# substitute for seachem root tab ferts?



## nap83 (Feb 7, 2006)

anything out there cheaper and well recommended? $10 a pack is just killing me. anyone uses anything other than this that shows the same or better results??


----------



## trenac (Jul 16, 2004)

I have not personally used them, but others have used Jobes fern & palm spikes 16-2-6 with good results.


----------



## nap83 (Feb 7, 2006)

does that have anything tha will alter h20 quality? i've seen them at the hardware store. people told me osmocote root tabs then break it apart but was not fortunate to find them. i have fish also in the tank so i don't want to poison them.


----------



## turbomkt (Mar 31, 2004)

If it stays under the substrate you'll be fine. The only bad thing in them is urea. You'll also get faster dissolution if any of the fert is exposed directly to water so you'd end up with higher concentration levels.

I've used them safely in my 50g.
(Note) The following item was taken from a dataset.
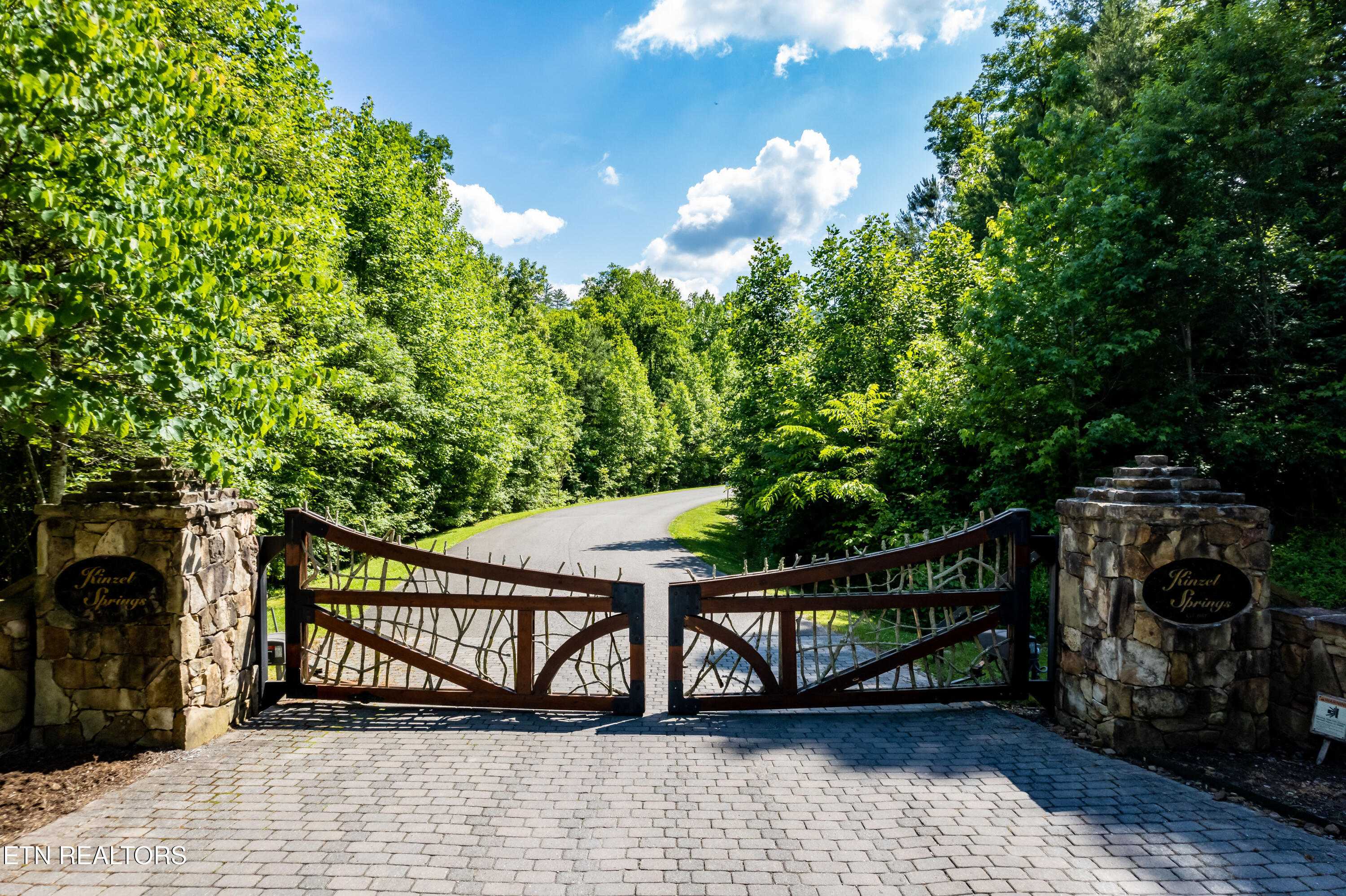 Property Photo: 483 Chetola Trail TN 37882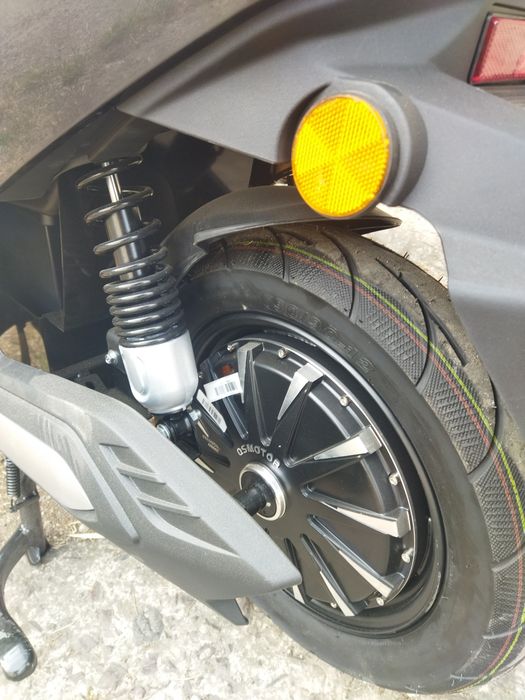Електроскутер SokMoto Wolf 2999W. 72V45Ah Lifepo4.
You just have to make sure you're good with where the plants are as the root tabs can get disturbed when you uproot and replant.


----------



## nap83 (Feb 7, 2006)

urea = ammonia, hmmm i have a good 50 fish in my tank (characins). might be a good idea but i don't want to risk it. how many fish do you have in your tank currently where you use jobe's plant sticks?


----------



## turbomkt (Mar 31, 2004)

At the time I had about 40 fish in there. I'm not using them anymore as I don't have any heavy root feeders.


----------



## Bert H (Mar 2, 2004)

Robert at AB was selling some root tabs also. You might look into those. I don't know the price or their make-up.


----------



## nap83 (Feb 7, 2006)

i bought jungle labs plant food tabs for $5, it comes in 24 packs although they do not carry as much nutrients as seachem's and only lasts for about a month rather than 3 months. i've been looking at aquariumplant.com's own plant tabs but can't find the elements they're carrying. heh.


----------